> [Caption-style text data]

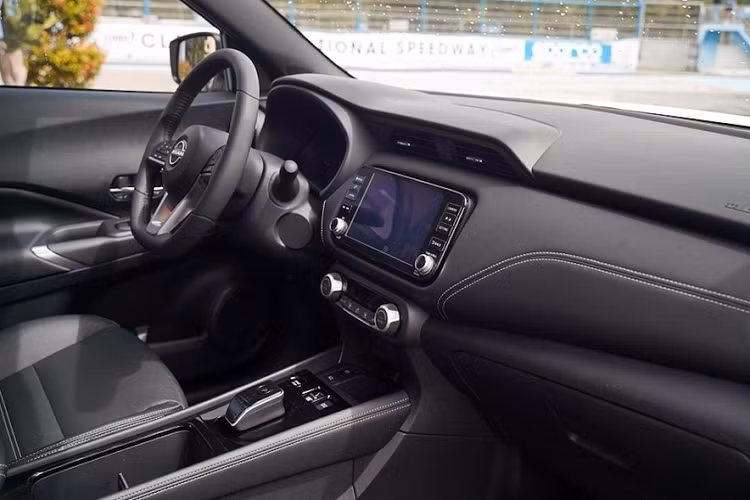 Thảm sàn Nissan chính hãng, nút bấm khởi động máy, tính năng mở cửa không cần chìa khóa, điều hòa tự động, ghế sau gập 60:40, mặt táp-lô bọc da màu đen, trang trí bằng chỉ khâu màu xám và cổng USB cho hàng ghế sau cũng có trên mẫu SUV hạng B này.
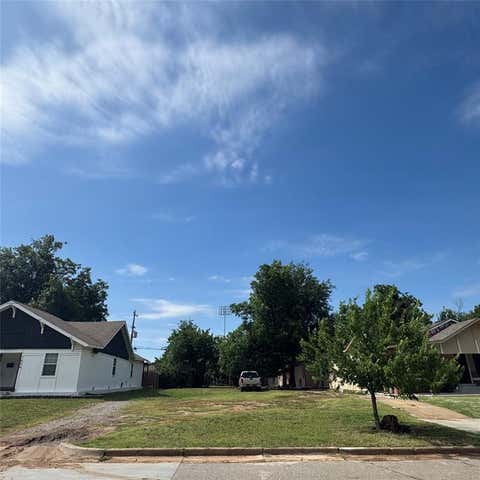 Photo of 1608 NW 29th Street, Oklahoma City, OK 73106 (MLS # 1236962)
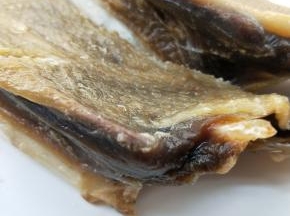 腊板鸭温水洗净。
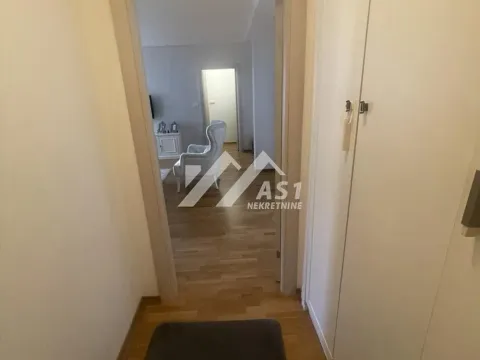 Izdavanje, dvosoban stan, 54m², Centar, Novi Sad - image 7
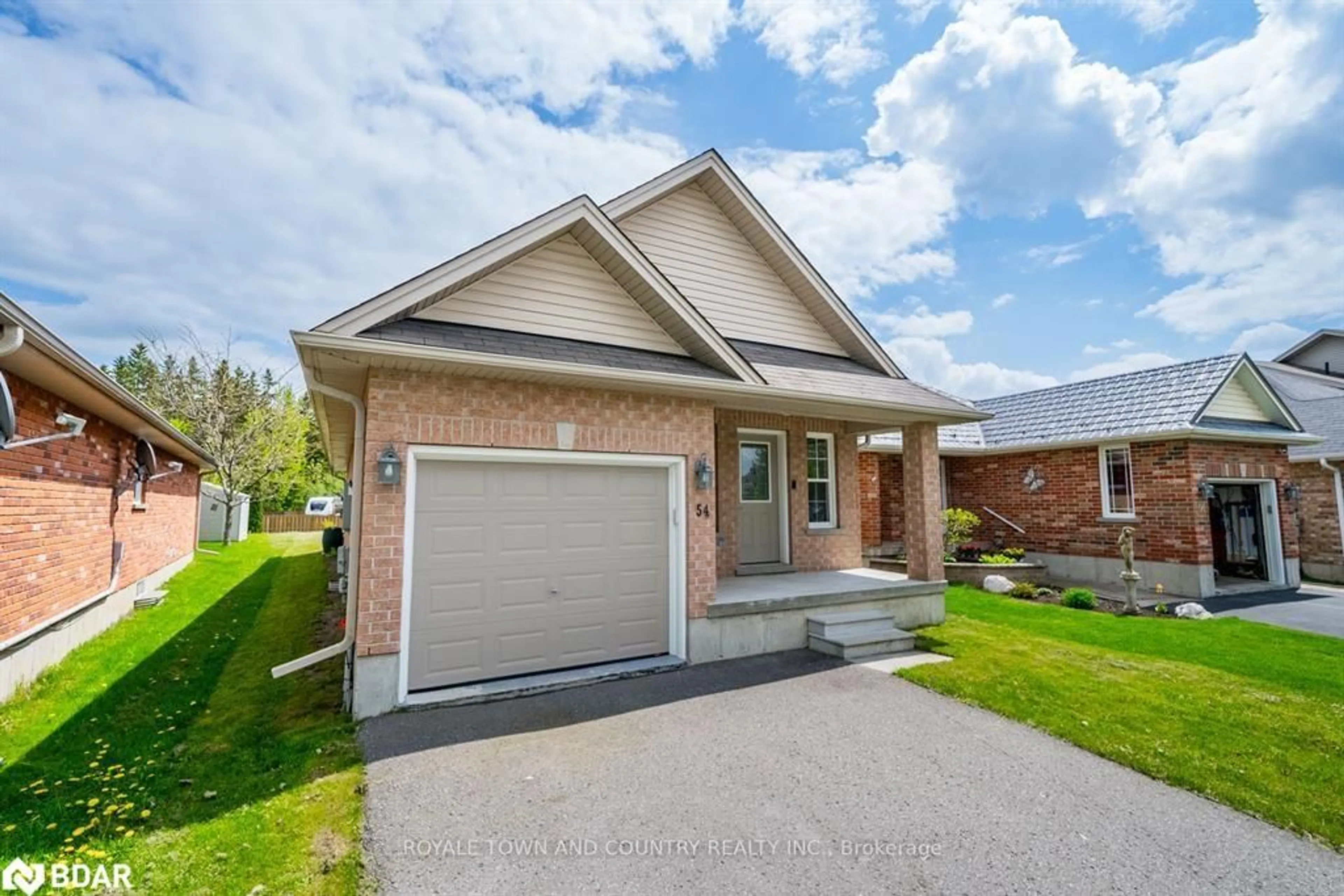 Frontside or backside of a home, cottage for 54 Laurent Blvd, Lindsay Ontario K9J 6J7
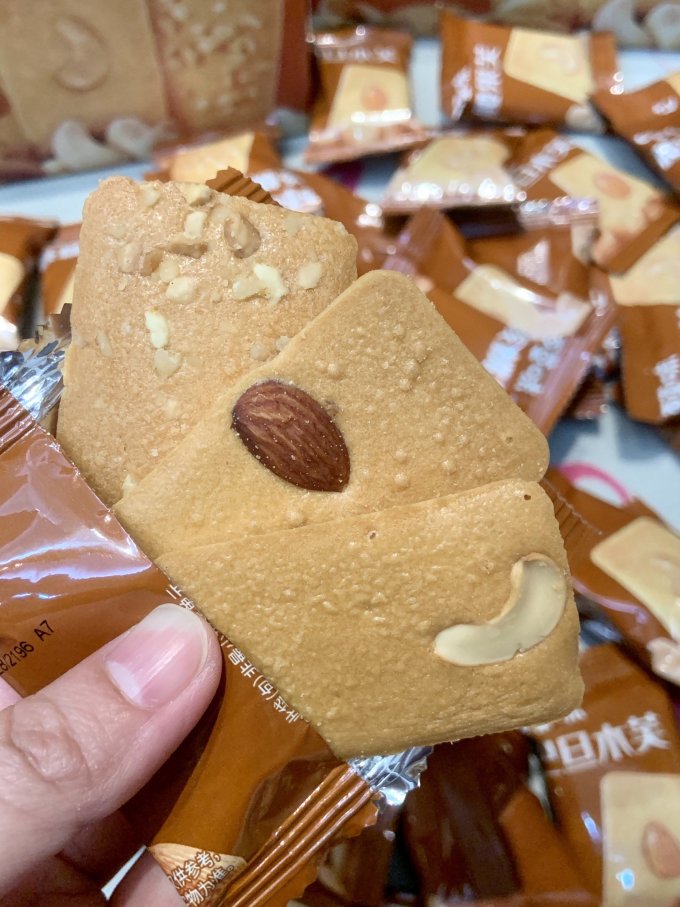 百草味膨化食品
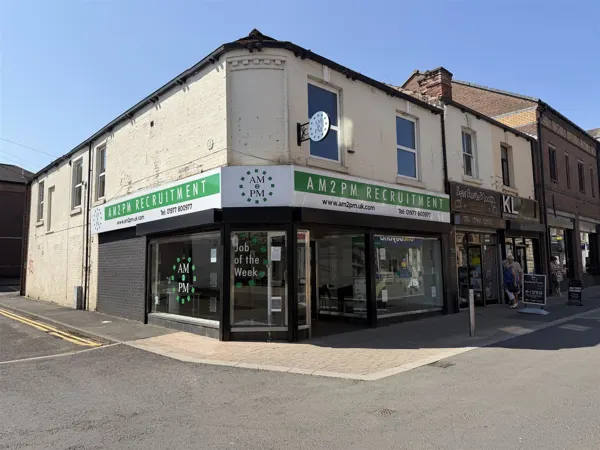 PRIME TOWN CENTRE VACANT UNIT WITH VERSATILE ACCOMMODATION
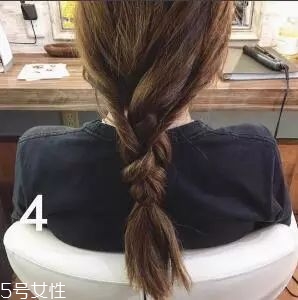 披肩發怎么弄好看圖解 六款新的編發教程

> [Activity] Find the line containing "Izdavanje, dvosoban stan, 54m², Centar, Novi", then extract it and every line after it to the end of the data above, exactly and nothing else, without pictures.

> [Problem solution]
 Izdavanje, dvosoban stan, 54m², Centar, Novi Sad - image 7
 Frontside or backside of a home, cottage for 54 Laurent Blvd, Lindsay Ontario K9J 6J7
 百草味膨化食品
 PRIME TOWN CENTRE VACANT UNIT WITH VERSATILE ACCOMMODATION
 披肩發怎么弄好看圖解 六款新的編發教程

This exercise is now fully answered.